Spanning a period of eight years from 1922 to 1930, the diary chronicles the author’s inner agonies experienced as a young bachelor and teacher in the colony wishing to marry one of his Korean female students but facing various social and cultural constraints imposed by the Japanese colonial community. Jōkō’s diary enables us to investigate the tensions between his love interest and the social expectation of his Japanese contemporaries, and address larger issues such as the management of interethnic intimacy in the colony and the regulation of the bachelorhood of young Japanese male colonials.
The Moral and Spiritual Education of Japanese Youth in Colonial Korea
Nicole Cohen, Columbia University
Attention to the Japanese experience in the two-tiered education system of Korea, 1910–1945, provides a rare glimpse of what it was like for young, colonial elites to come of age in the empire. At the same time, it elucidates the fears and concerns plaguing the adults who raised them. One of the greatest fears was that by growing up in colonial Korea, these children did not "know" Japan (nihon wo shiranai). How were educators to inculcate them with Japanese spirit, culture and identity when few of them had actually set foot in Japan proper? While this paper examines how Japanese children were brought up to become good subjects of Japan, it demonstrates how over time, they increasingly began to identify themselves with Korea—not as Koreans, but as the Japanese of Chōsen. Developing a sense of pride of place and experience, many second generation Japanese in Korea expressed a desire to do long-lasting good in it. Moreover as "the future generation of tomorrow’s Chōsen" they saw this as their responsibility.
Retooling Food as the State Apparatus in the 1940s: Healthy Body and "Japanese-ness"
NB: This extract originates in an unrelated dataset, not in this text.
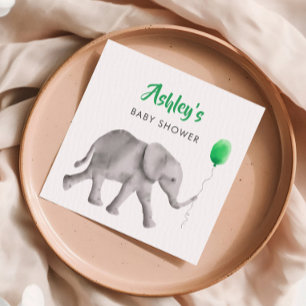 Cute Baby Elephant Baby shower Napkins, Green Servet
Helen J. S. Lee, University of Florida
"Everyday life" is a growing concern in postcolonial studies that has generated scholastic debates in recent decades and given rise to a new strand of scholarly works (e.g., Julia Clancy-Smith and Ann Stoler). This paper situates "food" within Japan’s colonial discourse of the domestic sphere, Katei, and explores how it becomes a central instrument in organizing the everyday life in the home, and how food preparation and consumption are used as indispensable apparatuses in molding "Japanese" sentiments. Maintenance of "Japanese" identity was particularly critical for those Japanese settlers in colonial territories who straddled, in one form or another, their "home" culture and those of the other. Rather than what one did in the public sphere, what emerged as a central concern for colonial officers in the colonies was what one ate or spoke, or with whom one shared a bed or played in the private arena where no surveillance measure operated. Thus, management of the home was an enduring concern throughout Japan’s colonial dominance that became linked to defining motherhood, sustaining "Japanese-ness" and manufacturing healthy bodies. By focusing on the 1942 cookbook published by the women’s section of Ryokki Renmei (Green Flag Association) in colonial Korea I show how the colonial discourse on food culminates in the early 1940s as a central vehicle in re-defining the body and "Japanese-ness" and re-orienting, appropriating, and "totalizing" everyday life toward the escalating war effort.